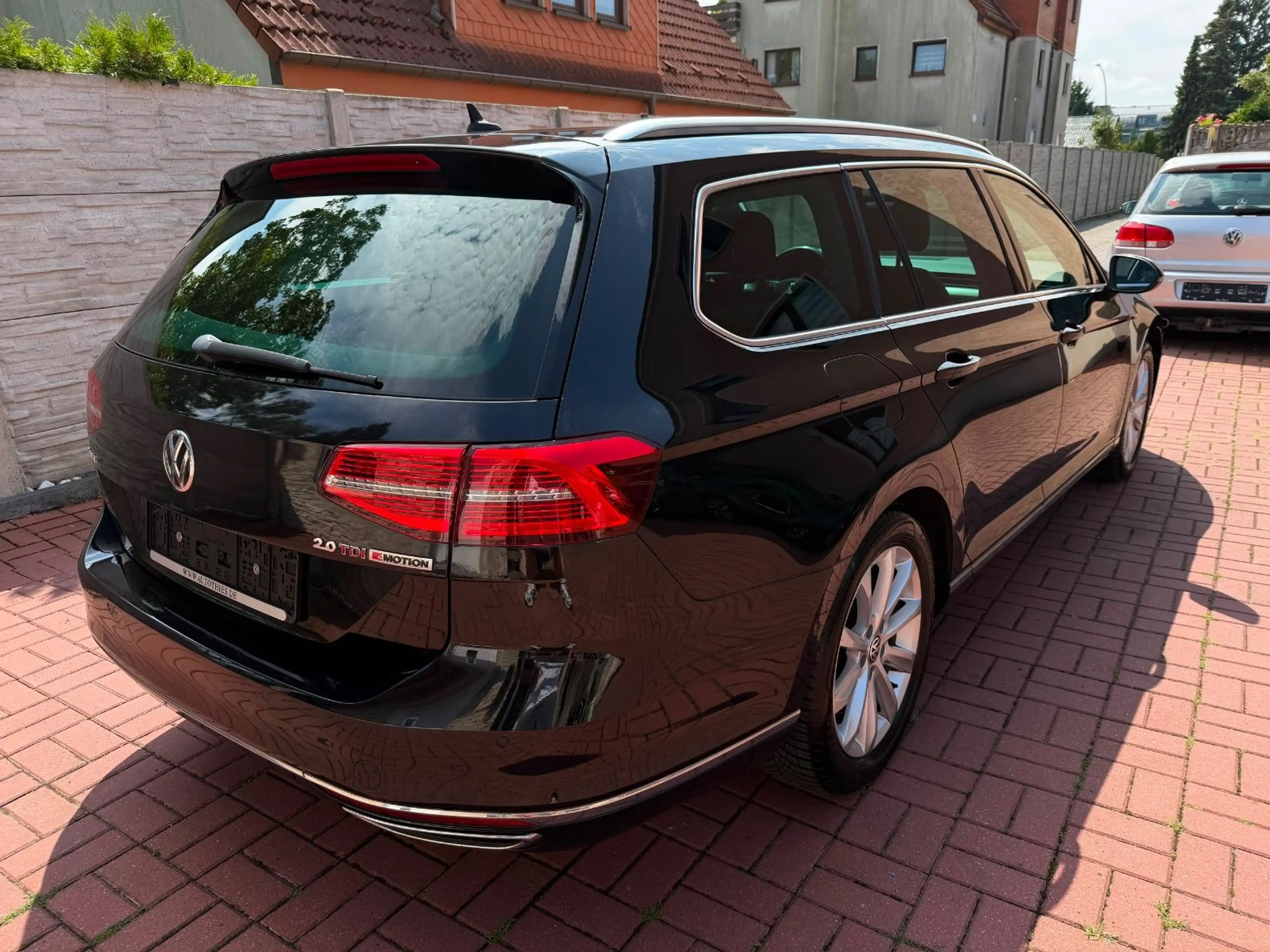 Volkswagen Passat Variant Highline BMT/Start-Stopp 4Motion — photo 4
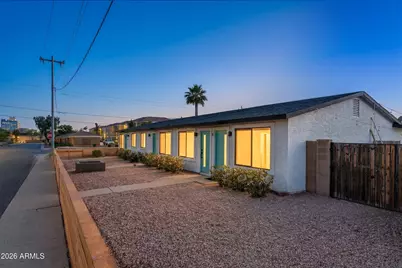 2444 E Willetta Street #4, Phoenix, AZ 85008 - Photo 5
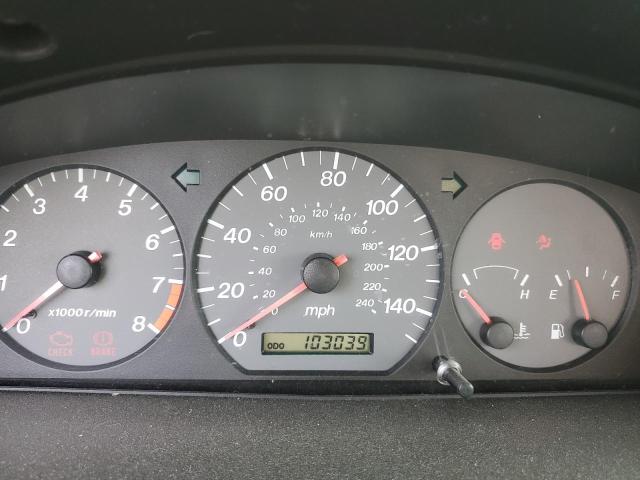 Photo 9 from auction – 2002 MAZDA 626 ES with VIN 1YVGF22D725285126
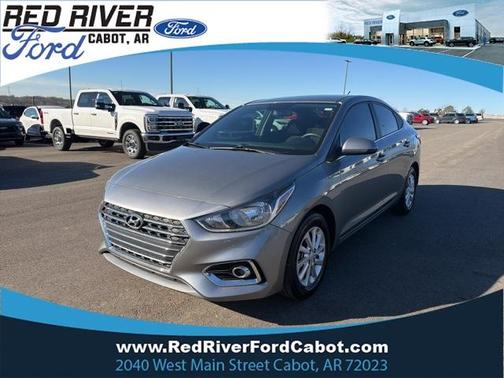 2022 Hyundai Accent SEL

|---|

• Exercise:
Your reply should hold every line above exactly as written and none of the pictures.

• Answer for this exercise:
 Volkswagen Passat Variant Highline BMT/Start-Stopp 4Motion — photo 4
 2444 E Willetta Street #4, Phoenix, AZ 85008 - Photo 5
 Photo 9 from auction – 2002 MAZDA 626 ES with VIN 1YVGF22D725285126
 2022 Hyundai Accent SEL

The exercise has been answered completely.